Word for word, write the lines below out again, with no pictures.

Dataset excerpts section start

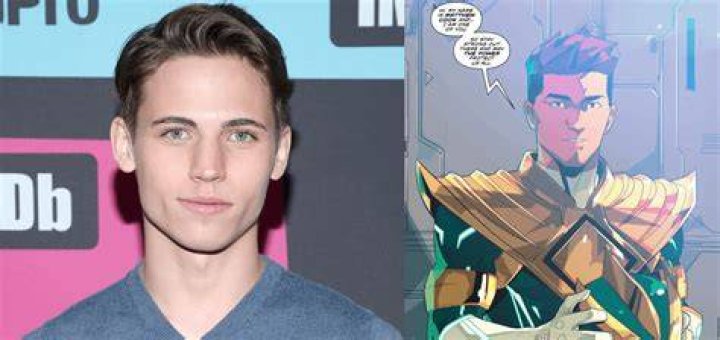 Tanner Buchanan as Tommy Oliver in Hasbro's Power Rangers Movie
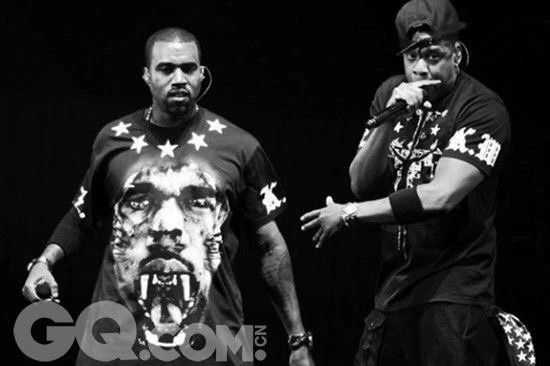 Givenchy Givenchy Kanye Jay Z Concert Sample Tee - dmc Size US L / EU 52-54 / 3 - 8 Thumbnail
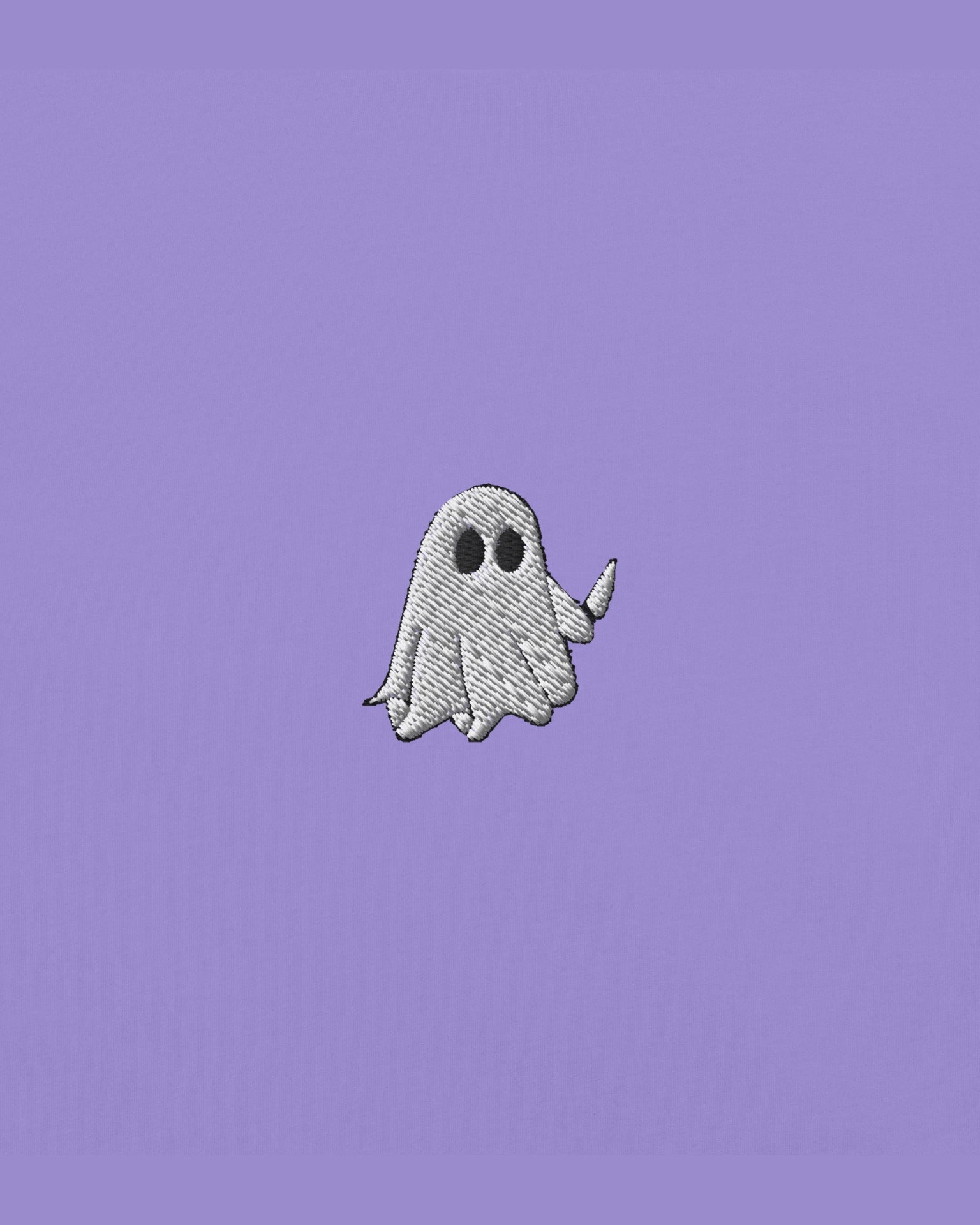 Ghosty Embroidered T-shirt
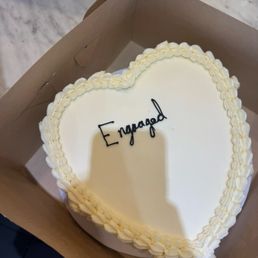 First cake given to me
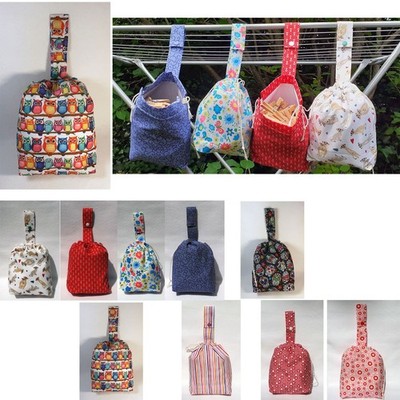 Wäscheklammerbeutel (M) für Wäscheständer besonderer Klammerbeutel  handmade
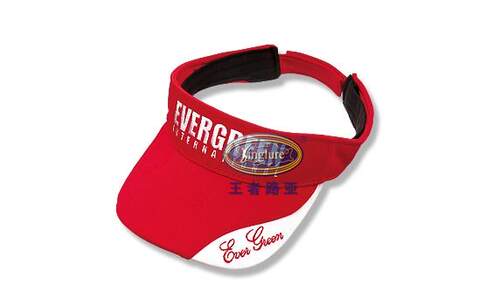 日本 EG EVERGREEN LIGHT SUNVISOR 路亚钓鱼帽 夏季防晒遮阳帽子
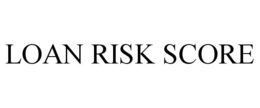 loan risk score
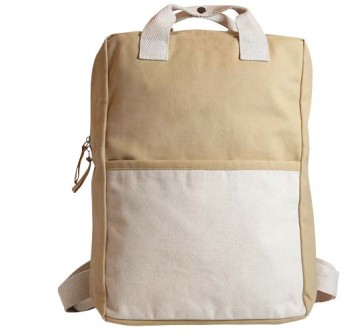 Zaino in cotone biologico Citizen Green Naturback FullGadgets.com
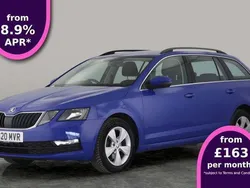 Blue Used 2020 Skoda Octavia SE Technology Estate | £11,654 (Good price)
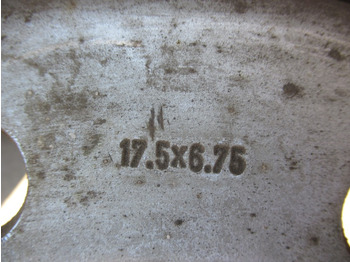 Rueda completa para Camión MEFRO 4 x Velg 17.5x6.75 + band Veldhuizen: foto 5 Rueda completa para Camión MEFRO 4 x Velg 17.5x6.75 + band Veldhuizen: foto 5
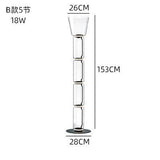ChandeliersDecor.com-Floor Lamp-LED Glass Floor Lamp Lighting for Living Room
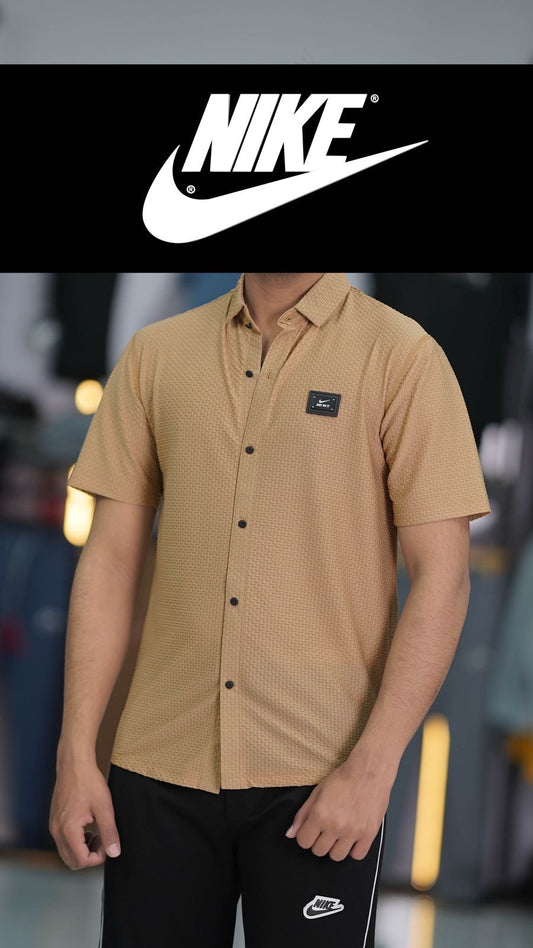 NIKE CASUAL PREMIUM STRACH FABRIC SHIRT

Dataset excerpts section end

Solution for this exercise:
 Tanner Buchanan as Tommy Oliver in Hasbro's Power Rangers Movie
 Givenchy Givenchy Kanye Jay Z Concert Sample Tee - dmc Size US L / EU 52-54 / 3 - 8 Thumbnail
 Ghosty Embroidered T-shirt
 First cake given to me
 Wäscheklammerbeutel (M) für Wäscheständer besonderer Klammerbeutel  handmade
 日本 EG EVERGREEN LIGHT SUNVISOR 路亚钓鱼帽 夏季防晒遮阳帽子
 loan risk score
 Zaino in cotone biologico Citizen Green Naturback FullGadgets.com
 Blue Used 2020 Skoda Octavia SE Technology Estate | £11,654 (Good price)
 Rueda completa para Camión MEFRO 4 x Velg 17.5x6.75 + band Veldhuizen: foto 5 Rueda completa para Camión MEFRO 4 x Velg 17.5x6.75 + band Veldhuizen: foto 5
ChandeliersDecor.com-Floor Lamp-LED Glass Floor Lamp Lighting for Living Room
 NIKE CASUAL PREMIUM STRACH FABRIC SHIRT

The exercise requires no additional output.